Task
Please return the lines below verbatim, beginning at the one that has "Dessin a imprimer" and stopping after the one that has "SOBRADO DE CONDOMINIO", and add no other lines.

Supplied data
|---|
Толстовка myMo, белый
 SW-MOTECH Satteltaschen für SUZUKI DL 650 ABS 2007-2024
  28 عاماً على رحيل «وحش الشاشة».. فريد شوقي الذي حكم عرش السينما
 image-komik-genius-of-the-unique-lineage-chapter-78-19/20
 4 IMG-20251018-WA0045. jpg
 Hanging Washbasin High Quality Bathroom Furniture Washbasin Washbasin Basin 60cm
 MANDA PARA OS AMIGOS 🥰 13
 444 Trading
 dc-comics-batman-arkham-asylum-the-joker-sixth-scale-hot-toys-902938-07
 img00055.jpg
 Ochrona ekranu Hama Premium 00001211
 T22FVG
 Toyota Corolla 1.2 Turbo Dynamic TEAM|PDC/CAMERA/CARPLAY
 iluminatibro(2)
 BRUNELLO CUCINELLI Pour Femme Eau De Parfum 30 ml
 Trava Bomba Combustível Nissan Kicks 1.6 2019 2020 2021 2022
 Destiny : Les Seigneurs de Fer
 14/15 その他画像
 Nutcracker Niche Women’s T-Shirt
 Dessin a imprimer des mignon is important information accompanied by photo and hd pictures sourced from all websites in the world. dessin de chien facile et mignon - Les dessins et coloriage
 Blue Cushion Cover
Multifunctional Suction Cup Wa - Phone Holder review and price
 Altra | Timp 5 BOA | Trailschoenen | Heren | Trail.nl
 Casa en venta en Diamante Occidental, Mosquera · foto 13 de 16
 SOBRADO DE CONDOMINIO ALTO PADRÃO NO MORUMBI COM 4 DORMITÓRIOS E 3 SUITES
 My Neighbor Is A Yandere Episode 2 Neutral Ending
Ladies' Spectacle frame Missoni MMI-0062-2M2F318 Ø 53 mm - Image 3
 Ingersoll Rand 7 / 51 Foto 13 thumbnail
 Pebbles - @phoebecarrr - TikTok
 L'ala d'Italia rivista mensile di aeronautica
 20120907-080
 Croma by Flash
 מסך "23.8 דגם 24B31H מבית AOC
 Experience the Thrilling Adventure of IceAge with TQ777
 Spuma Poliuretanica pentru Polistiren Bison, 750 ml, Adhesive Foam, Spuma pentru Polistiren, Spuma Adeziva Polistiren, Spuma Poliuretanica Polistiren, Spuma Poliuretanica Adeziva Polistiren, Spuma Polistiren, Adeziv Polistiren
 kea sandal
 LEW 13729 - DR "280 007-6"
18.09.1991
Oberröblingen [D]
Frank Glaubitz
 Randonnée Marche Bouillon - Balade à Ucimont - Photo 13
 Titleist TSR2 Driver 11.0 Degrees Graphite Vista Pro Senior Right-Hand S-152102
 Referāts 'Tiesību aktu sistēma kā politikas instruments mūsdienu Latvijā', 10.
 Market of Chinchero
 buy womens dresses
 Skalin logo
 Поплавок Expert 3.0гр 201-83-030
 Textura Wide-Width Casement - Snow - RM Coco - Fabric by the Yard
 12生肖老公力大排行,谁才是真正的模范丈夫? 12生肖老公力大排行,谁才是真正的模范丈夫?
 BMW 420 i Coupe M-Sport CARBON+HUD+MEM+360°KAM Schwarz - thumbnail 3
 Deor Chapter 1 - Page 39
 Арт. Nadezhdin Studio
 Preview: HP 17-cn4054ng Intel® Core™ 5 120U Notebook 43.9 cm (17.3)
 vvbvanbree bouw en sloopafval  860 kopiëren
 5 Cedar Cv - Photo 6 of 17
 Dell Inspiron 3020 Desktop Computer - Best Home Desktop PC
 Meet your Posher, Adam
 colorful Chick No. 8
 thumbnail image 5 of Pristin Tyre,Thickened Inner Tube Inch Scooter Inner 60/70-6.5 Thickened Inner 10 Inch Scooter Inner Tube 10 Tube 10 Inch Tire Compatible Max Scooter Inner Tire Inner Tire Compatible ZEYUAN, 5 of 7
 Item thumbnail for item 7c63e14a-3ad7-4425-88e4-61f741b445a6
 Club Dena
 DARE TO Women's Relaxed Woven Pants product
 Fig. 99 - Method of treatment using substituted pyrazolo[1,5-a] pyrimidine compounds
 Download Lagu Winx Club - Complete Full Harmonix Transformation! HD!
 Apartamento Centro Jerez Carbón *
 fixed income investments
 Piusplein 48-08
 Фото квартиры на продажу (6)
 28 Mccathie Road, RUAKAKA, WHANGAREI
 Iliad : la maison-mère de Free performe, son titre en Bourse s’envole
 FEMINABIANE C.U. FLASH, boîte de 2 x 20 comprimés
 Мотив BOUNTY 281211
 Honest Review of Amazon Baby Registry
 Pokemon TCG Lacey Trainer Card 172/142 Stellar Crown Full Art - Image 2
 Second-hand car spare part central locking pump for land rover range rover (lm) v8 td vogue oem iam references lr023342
|---|
Task output
 Dessin a imprimer des mignon is important information accompanied by photo and hd pictures sourced from all websites in the world. dessin de chien facile et mignon - Les dessins et coloriage
 Blue Cushion Cover
Multifunctional Suction Cup Wa - Phone Holder review and price
 Altra | Timp 5 BOA | Trailschoenen | Heren | Trail.nl
 Casa en venta en Diamante Occidental, Mosquera · foto 13 de 16
 SOBRADO DE CONDOMINIO ALTO PADRÃO NO MORUMBI COM 4 DORMITÓRIOS E 3 SUITES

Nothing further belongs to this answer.